# AVAILABLE RECORDS
= Beginning of Section =

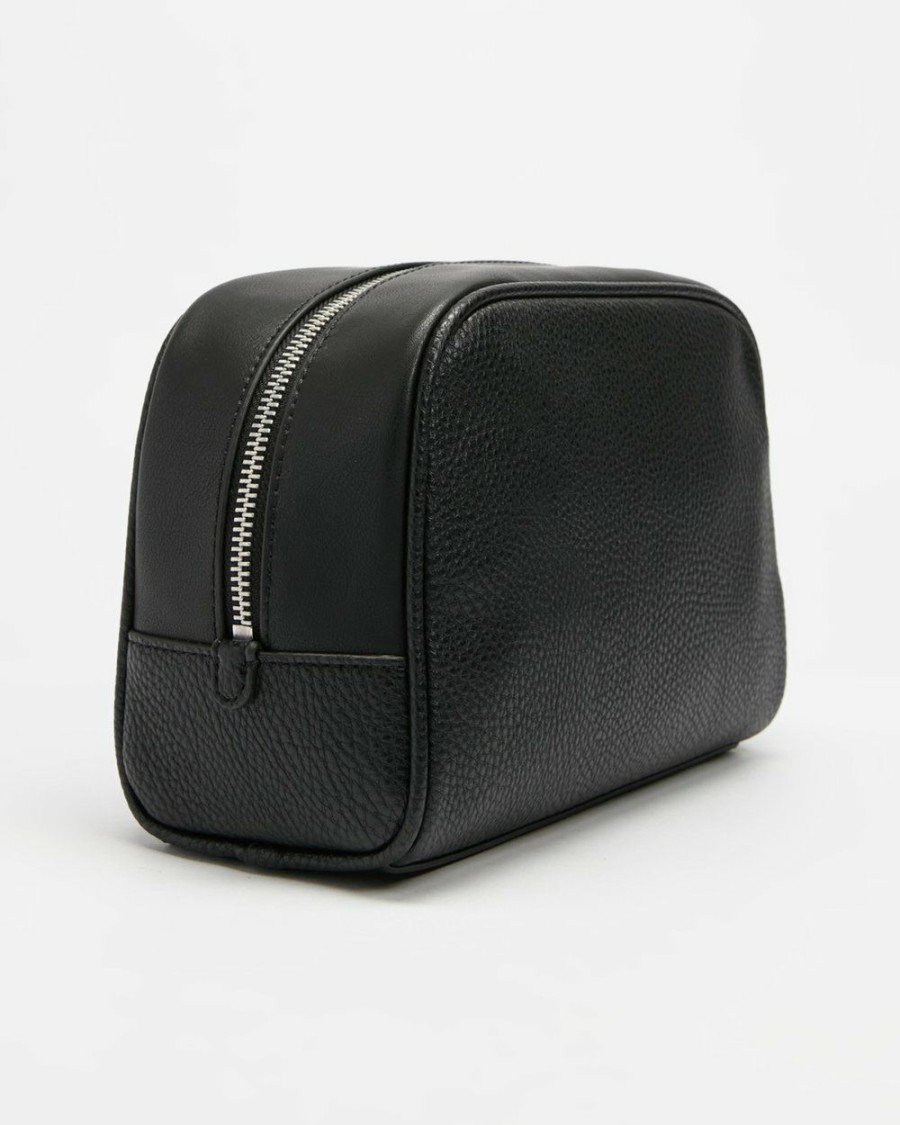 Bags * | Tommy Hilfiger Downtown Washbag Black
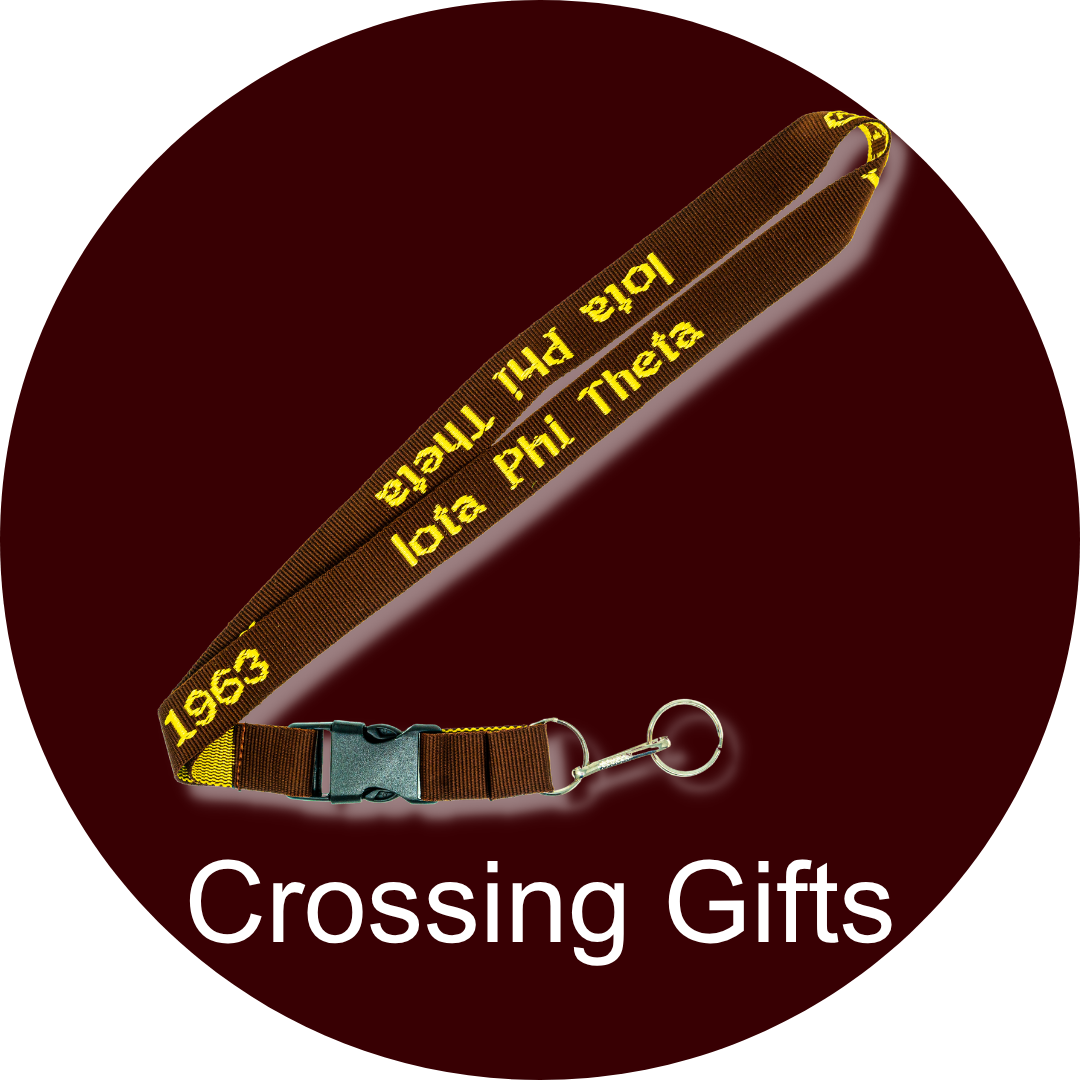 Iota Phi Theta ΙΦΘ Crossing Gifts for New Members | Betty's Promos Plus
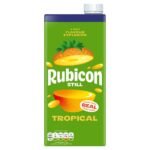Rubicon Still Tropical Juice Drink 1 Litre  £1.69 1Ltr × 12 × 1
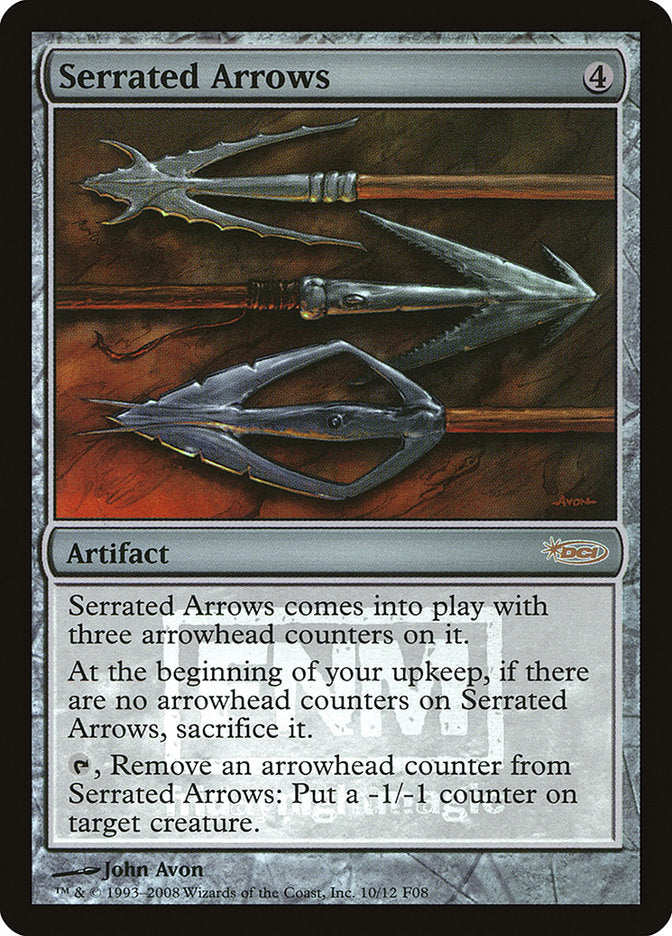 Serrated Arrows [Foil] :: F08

= End of Section =
= Beginning of Section =

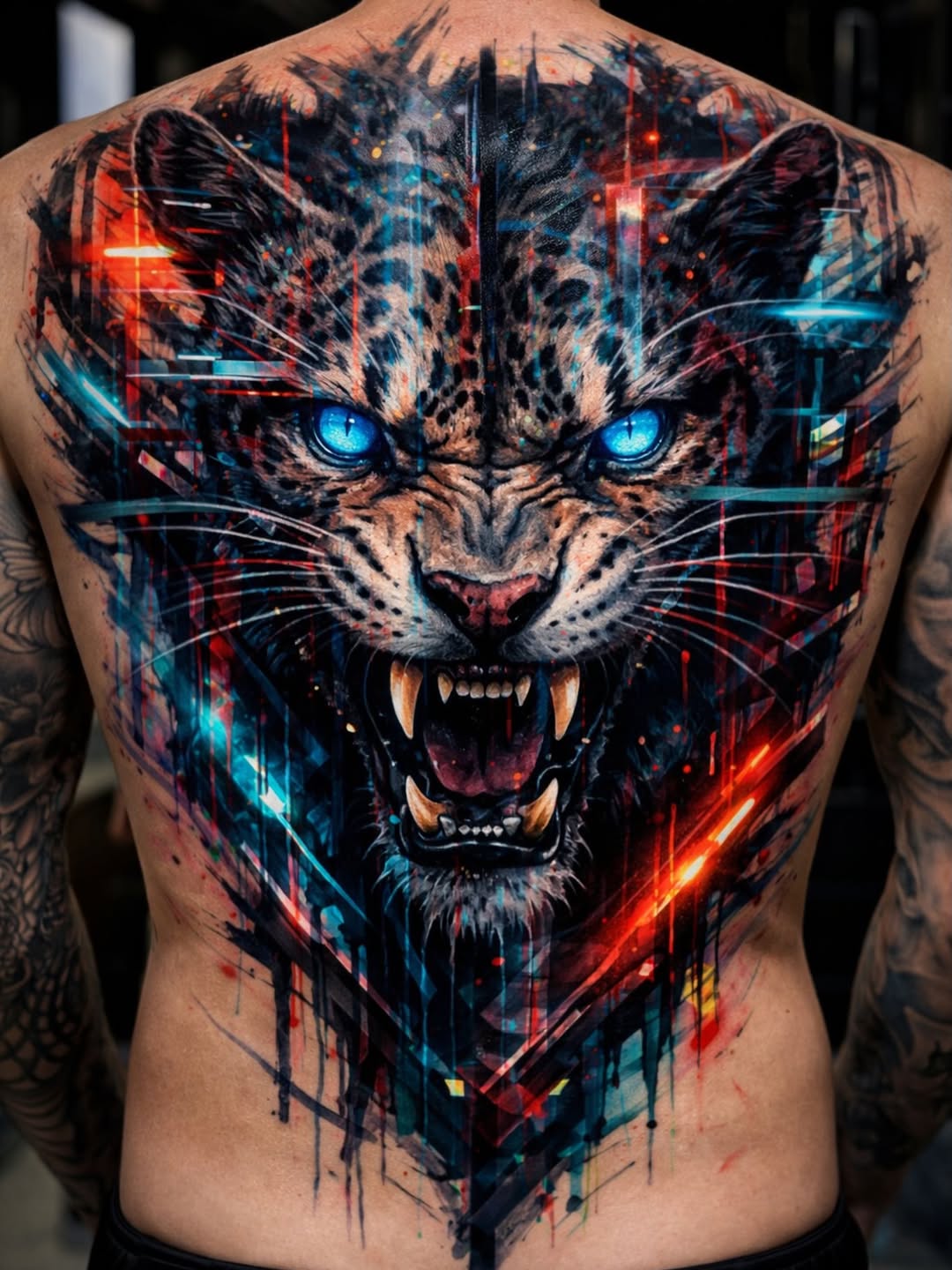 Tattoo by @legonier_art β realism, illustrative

= End of Section =

# EXERCISE GOAL
What are the lines above from the one with "Bags * | Tommy" to the one with "Serrated Arrows [Foil] :: F08", both included? Reproduce them exactly, without pictures.

# EXERCISE ANSWER
 Bags * | Tommy Hilfiger Downtown Washbag Black
 Iota Phi Theta ΙΦΘ Crossing Gifts for New Members | Betty's Promos Plus
Rubicon Still Tropical Juice Drink 1 Litre  £1.69 1Ltr × 12 × 1
 Serrated Arrows [Foil] :: F08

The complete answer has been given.